*WHAT IS NEEDED*: Leaving out any pictures, print the entries that follow exactly as they stand.
***** SUPPLIED MATERIAL *****
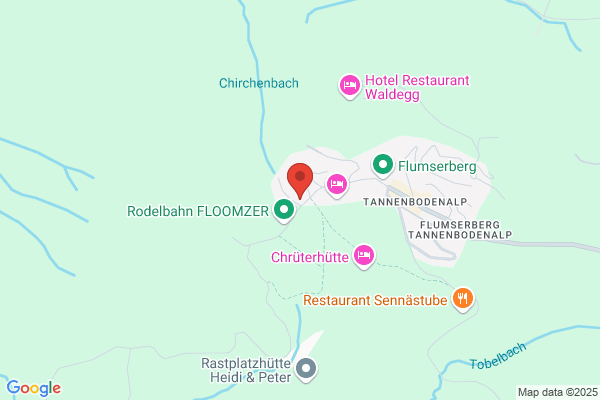 Restaurant Cresta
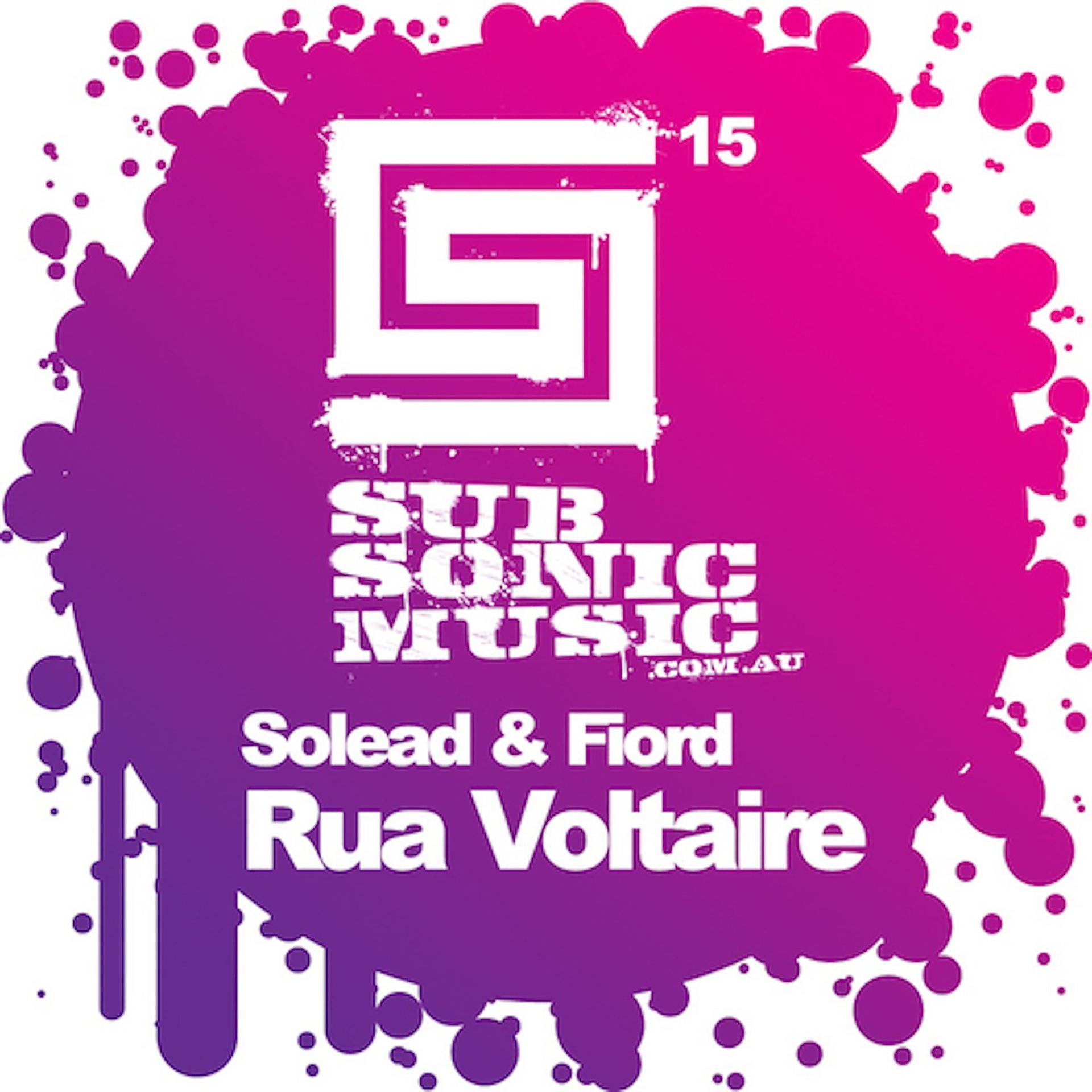 Постер альбома Rua Voltaire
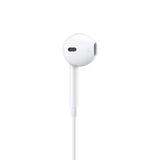 Apple EarPods med Lightning Connector (MMTN2ZM/A) - Vit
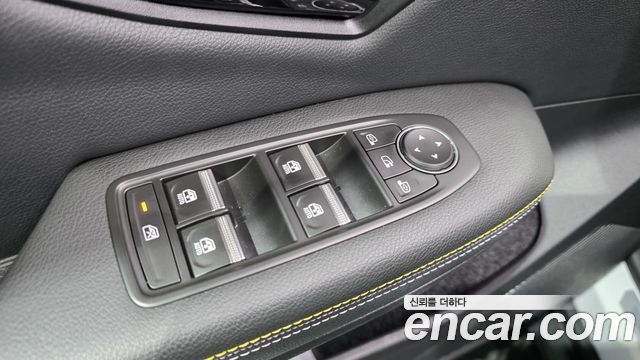 Renault Korea Scenic Iconic 2026 — фото 35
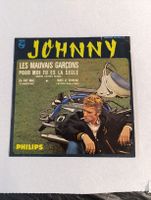 Johnny Hallyday, 45t., Les Mauvais Garçons, 1964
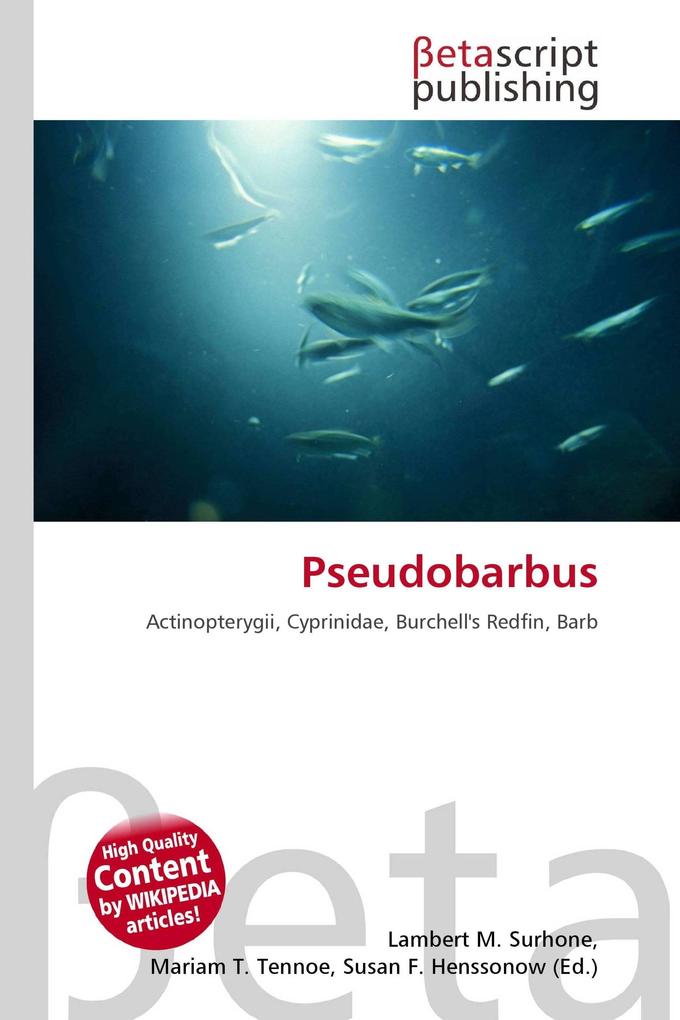 Pseudobarbus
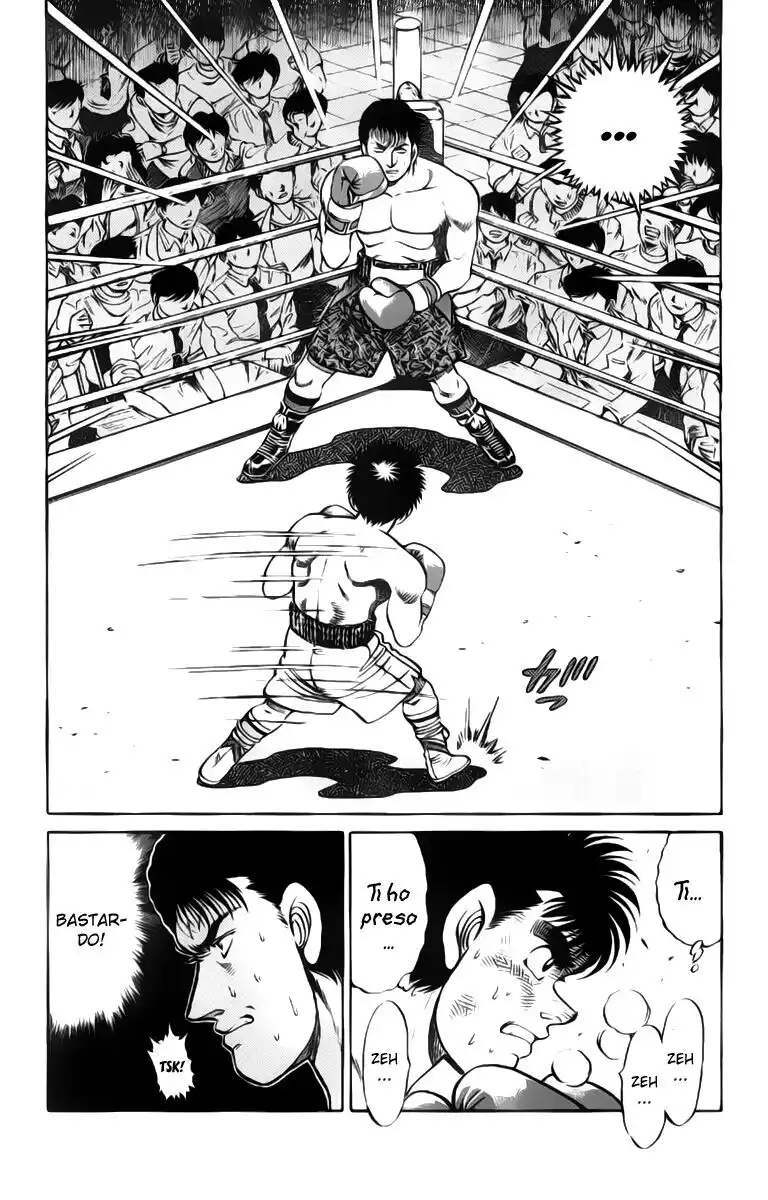 Hajime no Ippo Capitolo 61 page 18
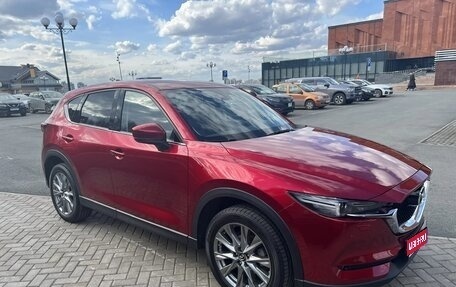 Mazda CX-5 II, 2021 год, 3 650 000 рублей, 1 фотография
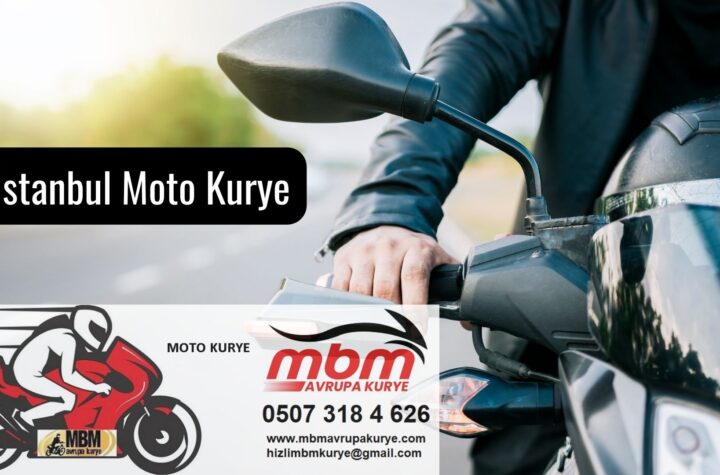 İstanbul Moto Kurye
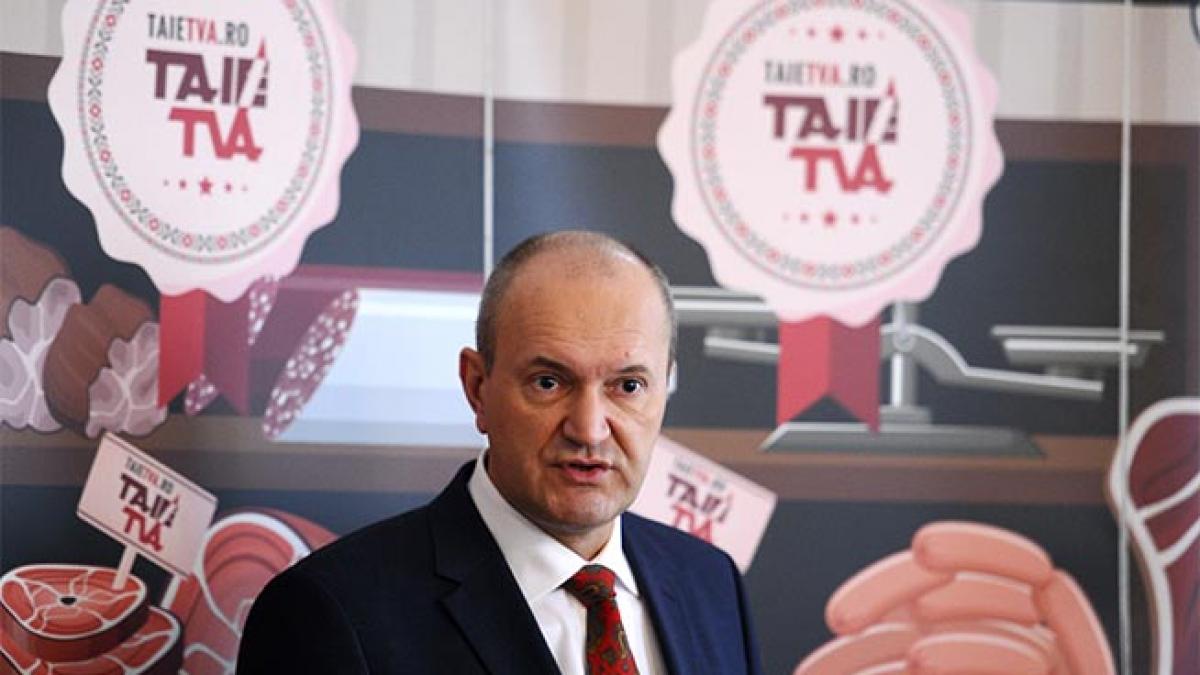 TVA de 5% pentru carne şi produsele din carne. Reprezentanţii industriei cărnii vor să-şi susţină propunerea în cadrul discuţiilor cu FMI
*****
*RESULT*:
 Restaurant Cresta
 Постер альбома Rua Voltaire
 Apple EarPods med Lightning Connector (MMTN2ZM/A) - Vit
 Renault Korea Scenic Iconic 2026 — фото 35
 Johnny Hallyday, 45t., Les Mauvais Garçons, 1964
 Pseudobarbus
 Hajime no Ippo Capitolo 61 page 18
 Mazda CX-5 II, 2021 год, 3 650 000 рублей, 1 фотография
 İstanbul Moto Kurye
 TVA de 5% pentru carne şi produsele din carne. Reprezentanţii industriei cărnii vor să-şi susţină propunerea în cadrul discuţiilor cu FMI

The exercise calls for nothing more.